At the time of the birth of my great-great-grandfather Robert Brackenridge in 1780 Scotland was still an agrarian, pre-industrial society. For most people, the texture of life was much as it had been in 1700. Nevertheless, social historians frequently cite 1780 as the beginning of Scotland’s rapid transformation from an agrarian to an industrial nation noted for linen and cotton mills, coal mining, ship building, and iron and steel industries. Catalyzed by the introduction of steam power and improved modes of land and water transportation, lowland Scotland assumed a position of prominence among European neighbors for its rapid adaptation to mercantilism and a production economy. Interestingly, the occupations of the Brackenridge males in successive generations–farmers, weavers, miners, and bricklayers–reflected the progression of nineteenth-century Scottish industrialization and its rapidly changing employment patterns.
Like many young men born into crofting families during the last two decades of the eighteenth century, Robert sought freedom from the soil and access to high wages that could be secured in the emerging industrial labor market. Handloom weaving was a comparatively easy trade to master and offered immediate opportunities for self-employment, especially in the burgeoning cotton-weaving industry. Operating out of a small cottage that doubled as workplace and home, Robert could participate in the lucrative cotton weaving industry and yet remain close to his agricultural roots.
In 1804 Robert Brackenridge married Margaret Cross, a resident of the nearby farming village of Bargeddie, in the Old Monkland Parish Church. When the first Scottish census was taken in 1841, the Brackenridge family was living in Luggie Bridge, a small village not far from Fullarton. The term lug is Scots for an ear but it was also applied to roots vegetable like potatoes and turnips which have too much leaf and stem, the result of being cultivated on land like a watery meadow or, bog. The bridge (unused) over the Luggie Burn, a tributary of a branch of the Calder River, still exists. It could have been on an east-west route between Glasgow and the Monklands or might also have been used simply for local traffic.
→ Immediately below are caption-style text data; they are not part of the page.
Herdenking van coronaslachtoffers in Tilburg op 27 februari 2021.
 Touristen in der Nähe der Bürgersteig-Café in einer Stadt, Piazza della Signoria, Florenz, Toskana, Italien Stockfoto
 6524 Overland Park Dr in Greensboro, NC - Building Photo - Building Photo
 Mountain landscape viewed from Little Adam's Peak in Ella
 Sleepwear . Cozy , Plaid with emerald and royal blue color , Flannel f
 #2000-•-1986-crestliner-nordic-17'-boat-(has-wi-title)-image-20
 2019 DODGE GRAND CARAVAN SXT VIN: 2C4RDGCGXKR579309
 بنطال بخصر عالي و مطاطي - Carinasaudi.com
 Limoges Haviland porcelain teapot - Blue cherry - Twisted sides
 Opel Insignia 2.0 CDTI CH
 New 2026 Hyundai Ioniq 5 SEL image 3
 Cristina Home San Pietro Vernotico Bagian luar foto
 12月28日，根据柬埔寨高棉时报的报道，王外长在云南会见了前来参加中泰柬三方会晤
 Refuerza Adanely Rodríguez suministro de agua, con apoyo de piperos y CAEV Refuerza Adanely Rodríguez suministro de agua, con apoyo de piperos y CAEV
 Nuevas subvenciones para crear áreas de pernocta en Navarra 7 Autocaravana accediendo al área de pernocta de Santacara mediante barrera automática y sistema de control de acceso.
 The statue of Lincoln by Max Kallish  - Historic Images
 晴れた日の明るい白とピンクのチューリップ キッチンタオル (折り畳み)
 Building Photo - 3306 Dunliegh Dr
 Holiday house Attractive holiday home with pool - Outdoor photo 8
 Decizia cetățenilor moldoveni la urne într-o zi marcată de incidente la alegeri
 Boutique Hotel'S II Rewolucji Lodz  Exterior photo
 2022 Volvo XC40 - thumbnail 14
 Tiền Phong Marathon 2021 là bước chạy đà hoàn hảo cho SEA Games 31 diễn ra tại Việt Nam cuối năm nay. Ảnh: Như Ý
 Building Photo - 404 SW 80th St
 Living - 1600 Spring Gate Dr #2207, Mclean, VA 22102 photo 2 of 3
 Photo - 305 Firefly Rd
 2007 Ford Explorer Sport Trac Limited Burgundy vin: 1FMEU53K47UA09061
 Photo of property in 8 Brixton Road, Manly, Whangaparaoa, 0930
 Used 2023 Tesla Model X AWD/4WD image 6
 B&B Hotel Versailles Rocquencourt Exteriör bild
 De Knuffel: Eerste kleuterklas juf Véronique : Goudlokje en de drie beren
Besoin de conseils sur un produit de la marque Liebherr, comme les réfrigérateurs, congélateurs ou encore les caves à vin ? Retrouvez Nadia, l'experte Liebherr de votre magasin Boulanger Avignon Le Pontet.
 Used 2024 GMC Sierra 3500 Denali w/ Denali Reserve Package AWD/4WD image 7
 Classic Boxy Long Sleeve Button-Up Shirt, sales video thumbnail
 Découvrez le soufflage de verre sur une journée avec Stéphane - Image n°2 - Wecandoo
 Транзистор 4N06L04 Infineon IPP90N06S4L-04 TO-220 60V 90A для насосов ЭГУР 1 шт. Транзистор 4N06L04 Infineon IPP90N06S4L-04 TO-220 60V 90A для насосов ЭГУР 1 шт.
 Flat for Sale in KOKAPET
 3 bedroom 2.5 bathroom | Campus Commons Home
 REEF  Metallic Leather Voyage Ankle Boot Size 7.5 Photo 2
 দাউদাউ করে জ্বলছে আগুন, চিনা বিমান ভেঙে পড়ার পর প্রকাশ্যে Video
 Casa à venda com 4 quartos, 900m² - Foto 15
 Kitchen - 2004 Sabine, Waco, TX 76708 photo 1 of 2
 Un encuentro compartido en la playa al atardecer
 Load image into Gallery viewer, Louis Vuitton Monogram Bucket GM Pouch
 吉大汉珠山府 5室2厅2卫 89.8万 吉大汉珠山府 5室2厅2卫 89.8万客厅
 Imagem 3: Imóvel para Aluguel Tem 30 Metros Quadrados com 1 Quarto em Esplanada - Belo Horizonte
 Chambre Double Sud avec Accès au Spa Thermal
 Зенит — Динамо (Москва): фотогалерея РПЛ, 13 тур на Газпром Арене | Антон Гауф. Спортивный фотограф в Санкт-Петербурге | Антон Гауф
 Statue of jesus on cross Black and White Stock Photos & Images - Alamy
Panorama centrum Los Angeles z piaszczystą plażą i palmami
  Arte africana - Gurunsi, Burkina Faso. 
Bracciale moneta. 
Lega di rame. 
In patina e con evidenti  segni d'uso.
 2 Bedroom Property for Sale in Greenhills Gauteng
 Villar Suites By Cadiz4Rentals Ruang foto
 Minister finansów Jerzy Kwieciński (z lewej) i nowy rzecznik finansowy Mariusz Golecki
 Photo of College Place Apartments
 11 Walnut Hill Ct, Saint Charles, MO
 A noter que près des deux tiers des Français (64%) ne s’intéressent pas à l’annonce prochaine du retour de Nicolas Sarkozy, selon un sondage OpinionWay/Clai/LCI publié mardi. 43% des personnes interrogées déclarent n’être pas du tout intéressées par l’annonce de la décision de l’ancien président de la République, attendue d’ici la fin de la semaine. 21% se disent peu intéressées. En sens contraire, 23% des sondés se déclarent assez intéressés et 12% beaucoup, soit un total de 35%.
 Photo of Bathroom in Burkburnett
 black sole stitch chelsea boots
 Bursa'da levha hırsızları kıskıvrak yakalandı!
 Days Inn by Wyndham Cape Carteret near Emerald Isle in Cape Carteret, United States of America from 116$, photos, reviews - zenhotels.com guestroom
Margaret and Robert had a large family spread out over a number of years whose members formed the nucleus of our immediate family tree. Among their children were five sons, Alexander, Thomas, John (b. 1812, my great-grandfather),and William (b. 1819), Robert (b. 1830) and two daughters, Margaret (b.1805) and Janet (b.1832.10 Our family connections with Tom and Jean Brackenridge of Strathaven in Scotland, Thomas and David Brackenridge in Buffalo, New York, and Thomas Brackenridge in Baton Rouge, Louisiana, derive from the offspring of Robert Brackenridge and Margaret Cross.
By the late 1840s, Robert and Margaret Cross Brackenridge had settled into a cluster of thatched-roof cottages not far from Aikenhead Farm called “Little Up” situated at the entry road to the Newlands Estates. The name “Little Up” derived from its location on the crest of a rise overlooking the estate (referred to by locals as “up the hill”) and the surrounding territory of Tannochside. In 1850 the estimated population of “up the hill” was 50 persons consisting primarily of farm workers and weavers. Robert and Margaret were accompanied by daughter Margaret (40) weaver, and son Robert (21), an agricultural laborer.
In addition to their occupations as weavers and crofters, the Brackenridge’s served as gate keepers for the estate of Lord Newlands (James Hozier). This latter responsibility compensated for the declining hand loom weaving industry by providing acreage for gardens and farm animals, and social status in the community. It also gave the Brackenridge’s the right to occupy a small sandstone cottage that served as the estate gate house and family residence.
We know little about the later life of Robert Brackenridge and Margaret Cross. The 1861 census lists as the residents of Little Up Number 1 Robert, age 80, cotton weaver, and his daughter Margaret, cotton weaver age 50, indicating that his wife Margaret Cross had died sometime within the previous ten years. When the 1871 census was taken, the same two individuals are listed as residents in what is now referred to as 46 Edinburgh Road, Number 1. Robert Brackenridge died “of the infirmities of old age” on September 22, 1879. His lifespan embraced the reigns of four British monarchs: George III, George IV, William IV, and Queen Victoria and included such events as the loss of the American colonies, the French Revolution, the War of 1812, and the American Civil War, and the expansion of the British Empire. He also witnessed the rise and flourishing of the industrial revolution that ushered in a new way of life in Scotland. At the same time, he lived to see the virtual demise of his life profession. In 1840 there were 84,560 handloom weavers in Scotland. At the time of his death, there were only 4,000, and by the end of the century they were virtually non-existent.